Hyperthyroid eye disease has a very negative impact on quality of life, even when it's moderate, which is usually the case. Severe eye disease occurs less than 5 percent of the time, but treatment works in only two-thirds of patients. The eye disease goes through three phases:

  • First phase: High activity with redness of the eye, pain, tearing, and sensitivity to light.
  • Second phase: Stabilization of the signs and symptoms.
  • Final phase: Improvement of the eye disease, which becomes inactive.

The duration of these phases varies, but the eye disease burns out within a couple of years. Steroids are helpful during the first active phase.

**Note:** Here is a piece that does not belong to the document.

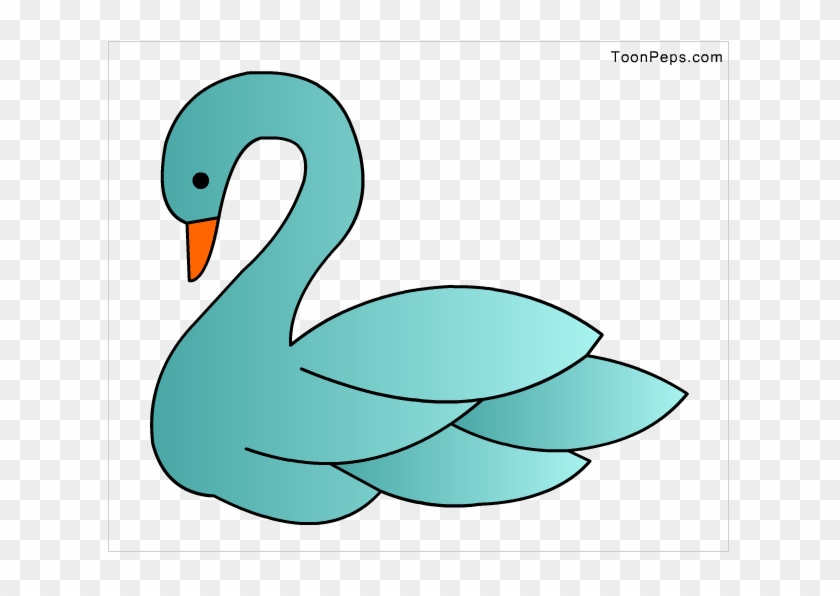 Swan Drawing For Kids How To Draw Swan For Kids Step - Swan Drawing For Kids #893102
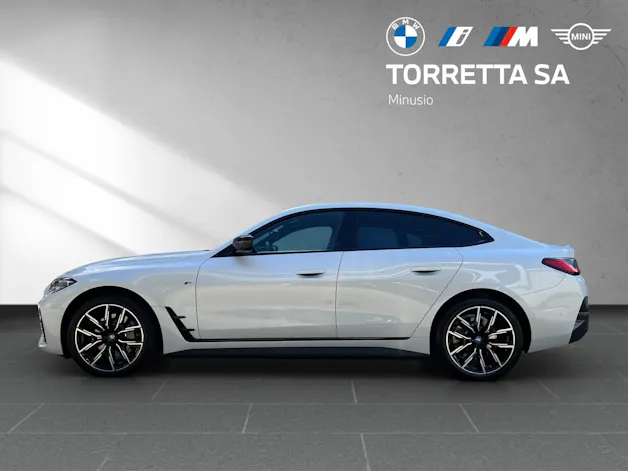 BMW i4 eDrive40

Steroids given intravenously are more effective than steroids by mouth for thyroid eye disease. Steroids can be injected right into the muscles around the eye and are effective there. Doctors give IV steroids in very high amounts, which can cause liver damage. IV steroids are effective about 90 percent of the time, while liver damage occurs only 1 percent of the time.

If steroids aren't successful, then doctors perform orbital radiation therapy. This therapy is successful about 60 percent of the time. Using both steroids and orbital radiation at the same time is even better than either alone.

Recent studies of other therapies, including drugs called somatostatin analogs and antioxidants, haven't shown that these therapies are effective. Antioxidants may be useful for mild eye disease but not moderate or severe forms.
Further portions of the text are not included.